弦の位置が出たら、弦を張る前に、もっとも大切なスペーサーを入れます。
見えない部分の最後の仕事です。
響板が接着されているベリーレールとピン板との間は、フリースペース。
弦の引張っる力で、この隙間は狭くなります。
どんなに丈夫な木材で厚めに作っても、90センチ近くの直線の隙間は、必ず狭く変形して来ます。
対策は、2つ。
隙間を広めに取るか、隙間に、つっかえる部材を取り付けるか。
このつっかえる部材をギャップスペーサーといい、隙間を狭くさせない役割と、レジスターが乗っかる役割を果たしています。

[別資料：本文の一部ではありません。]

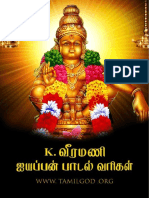 K. Veeramani Ayyappan Songs Lyrics Tamil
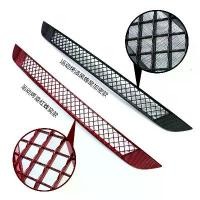 ราคา TESLA ฝาครอบป้องกันแมลง Tesla Model y Model 3 air inlet net snap-on เหมาะสำหรับตาข่ายกันแมลง Car รถยนต์ (1729600382997138132)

隙間が狭くなると、まずレジスターが動きにくくなります。
やがて、動かなくなります。
このスペーサーを木製で二箇所程度のみという、非常に脆い楽器に何度も出会い、それらは弦を全て外してオーバーホールになりました。
木製のスペーサーは、変形するとジャックに接触して動かなくなり、最後は音が出ないどころか、鍵盤が押せなくなります。
そうしたトラブル回避だけでなく、このスペーサーが丈夫であることによって、弦の振動エネルギーの損失が減ってきます。
私は、鉄のスペーサーを作り、今回は6箇所に設置。
バック8の弦とフロント8の弦の間に正確に位置するように、線を張って現物合わせします。
今回の楽器は、金属弦ではなく、フロロカーボン系。
弦の太さや材質は音を出しながら決めるので、最終的にどれだけの張力がかかるのか未定です。
武満徹は少年の頃、防空壕の中で紙鍵盤を広げて弾いていたそうですが、その時、本物のピアノより素敵な音が聴こえていたそうです。
私も妄想力が逞しいタチなので、この弦を張る直前が最もワクワクできる時間です。
弦を張って音が出始めると、厳しい現実が待っています。
ただ、幸いにもレッズが頑張っているので、メゲずに現実と向き合えそうです。